Using Equity for Investments

Dan and Jessica bought their four bedroom family home in Rockhampton in 2003 for $247,000 putting down a $49,400 deposit and taking out a loan for $197,600.

The couple recently decided that they’d look at breaking into the investment market so they contacted their mortgage broker to discuss finance.

Their broker suggested that they get a valuation of their home, and they discovered that it was now estimated at $480,000.

Over the years Dan and Jessica had paid $48,000 off their original loan leaving $149,600 owing on the property.

Today’s valuation of the property, less the outstanding loan, left them with $330,400 worth of equity.

Their broker suggested that they consider refinancing their own home to the loan ratio of 50 per cent to free up some equity for an investment.
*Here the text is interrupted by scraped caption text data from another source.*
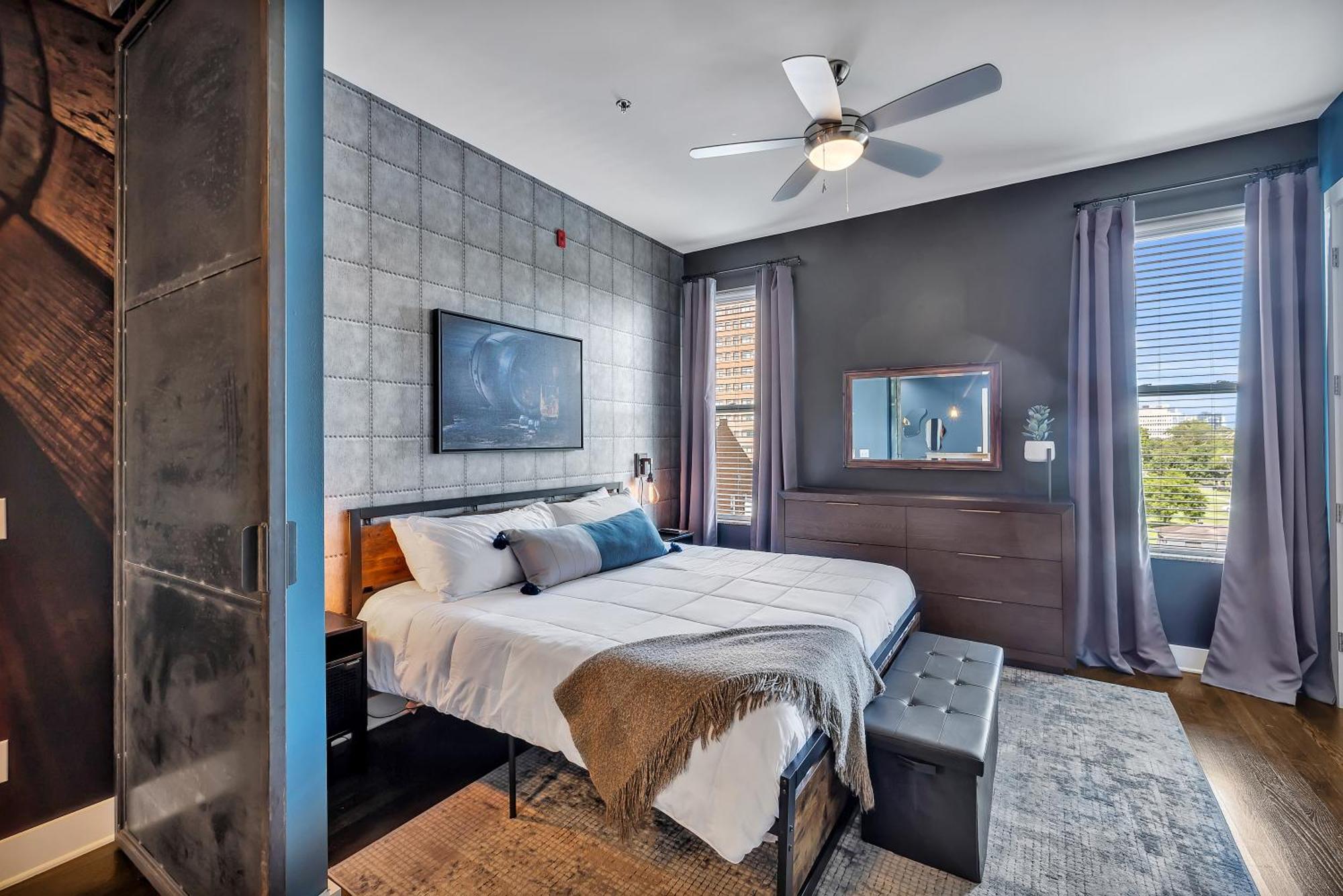 The Barrelhouse Loft In West End Near Vandy And Centennial Holiday home *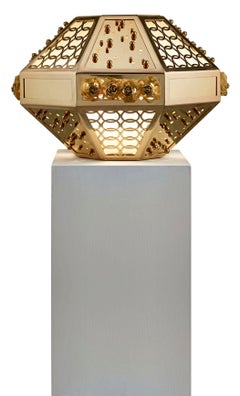 Stylish Table Lamp with Frame Metal Mesh and Decorative Insert in Brass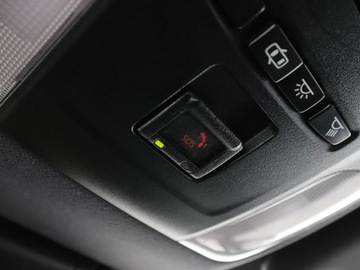 Toyota Corolla XII Hatchback 1.2 Turbo D-4T 116KM 2019 Toyota Corolla Historia serwisowa ASO navi Kamera, zdjęcie 37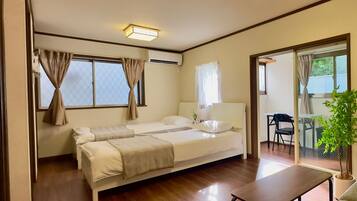 1 bedroom, desk, WiFi, bed sheets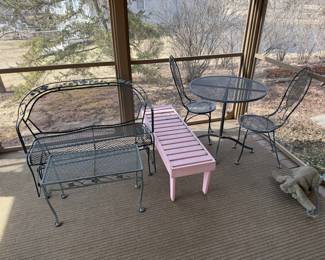 outdoor wrought iron patio furniture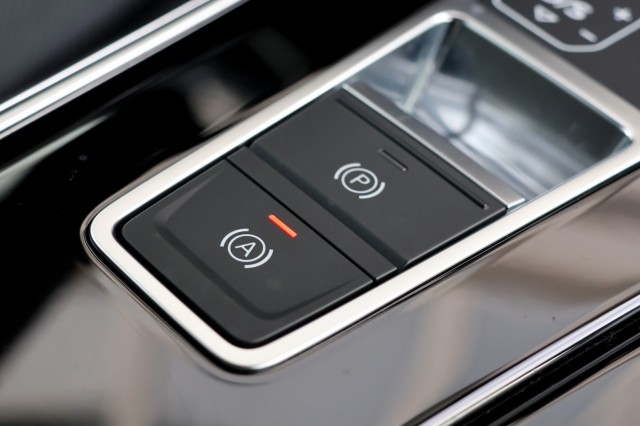 AUDI A6 Avant 55 TFSIe Quattro S-Line - 367 pk **Pano / TV / Stoelventilatie / HD Matrix, Autobedrijf Ploemen Meerssen BV, Meers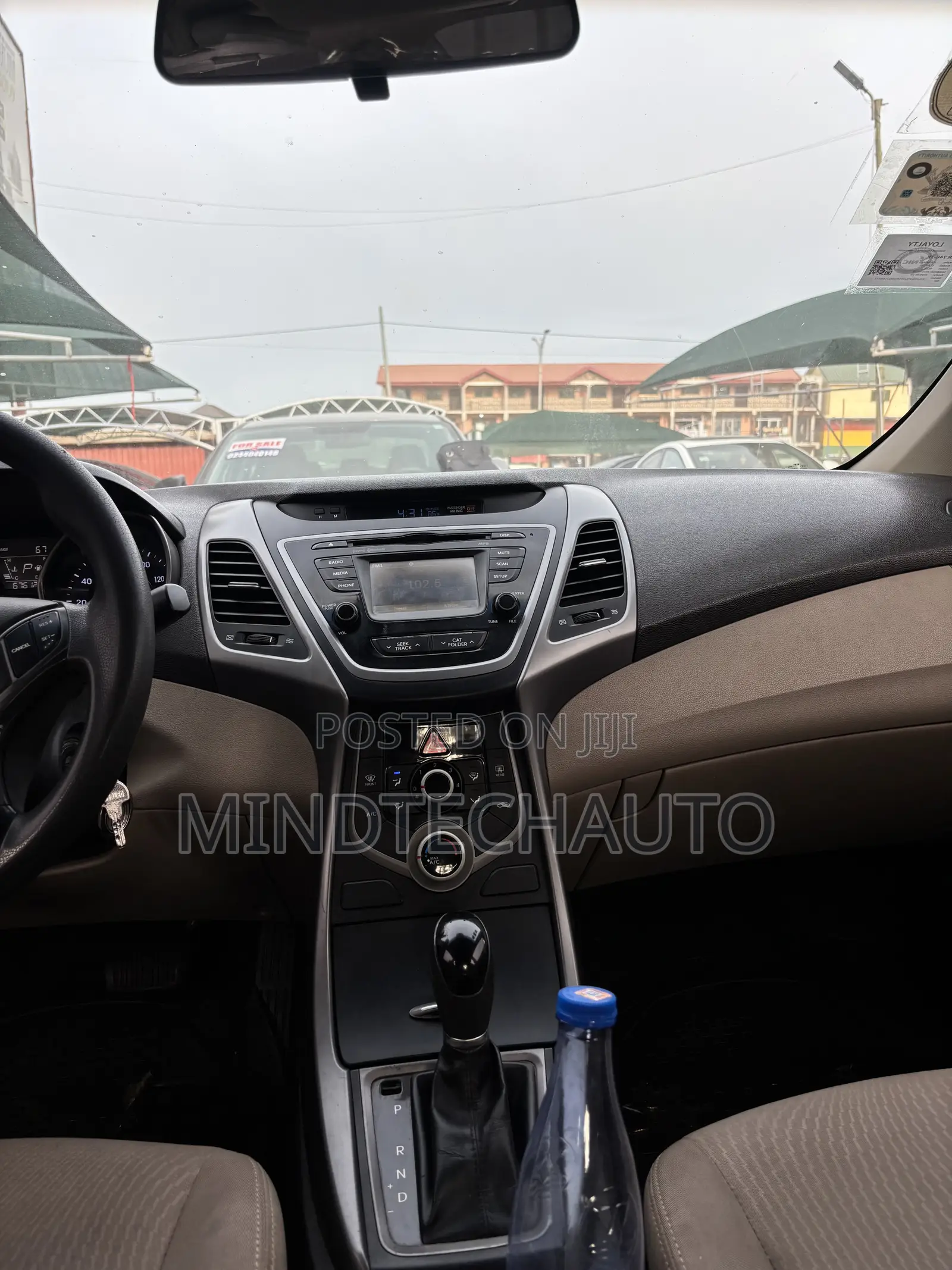 Hyundai Elantra SE 4dr Sedan (1.8L 4cyl 6A) 2015 Blue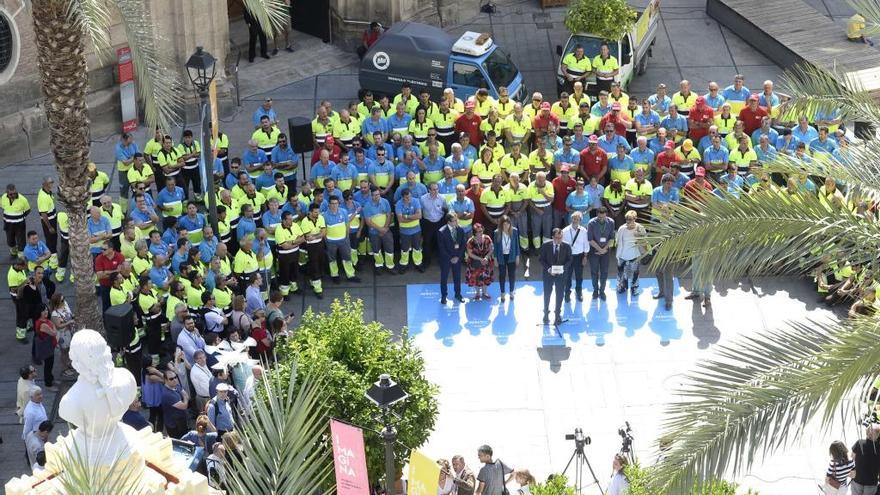 El alcalde inauguró ayer la fase de ´agitación´ del proyecto ADN Urbano en Santa Eulalia junto a los operarios que trabajarán en el barrio durante los próximos días.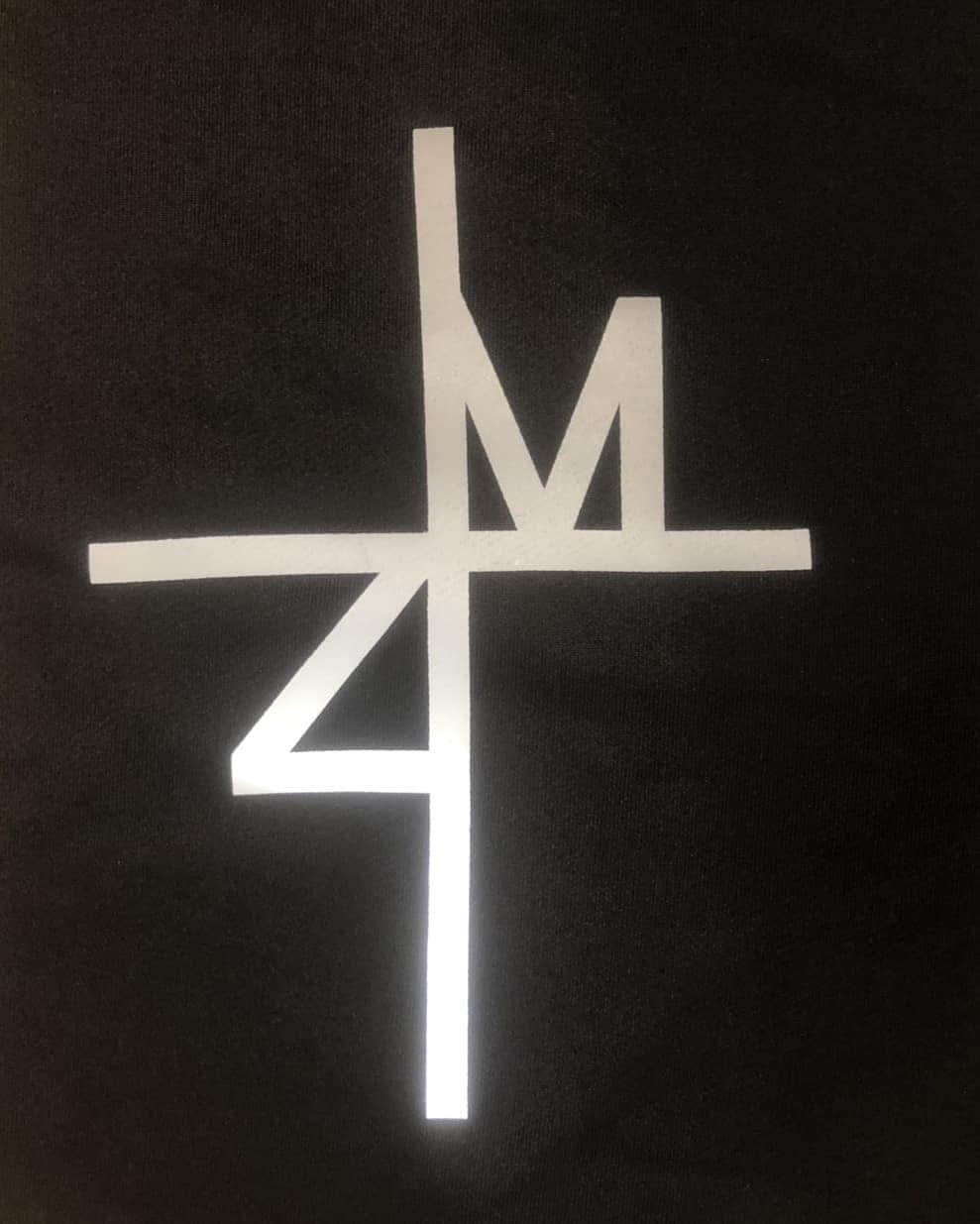 斉藤秀翼さんのインスタグラム写真 - (斉藤秀翼Instagram)「パーカーフードにデザインしたロゴ。 リフレクターでペイントしています。 1枚目が通常、2枚目がフラッシュ有り。 光ってます！！！ #パーカー #プリント #リフレクター #光 #反射 #IZM  #フード」4月3日 21時44分 - syuusuke.s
Based on the current property value and assuming they could afford the repayments, they would be able to borrow $240,000 – making an additional $90,400 available for investment purposes.

This strategy appealed to Dan and Jessica because otherwise they would have needed to liquidate their managed funds to raise the deposit for the investment property and this was not a viable option as these fund balances were low due to recent poor performance.

They decided to put down a 20 per cent deposit on a $350,000 two bedroom apartment and take out an 80 per cent loan.

The deposit came to $70,000 leaving a further $20,400 to cover stamp duty and other expenses while a $280,000 loan covered the rest of the purchase price.

Now that Dan and Jessica had a bigger loan on their home their repayments had gone up, but they were pleased to discover that the repayment on their investment property was almost covered by the $385 weekly rental the investment property was generating.

And because the couple managed their investment themselves they reduced the overheads against the gross rent. By taking out an interest-only loan they also
minimised their monthly outgoings and improved their cash flow.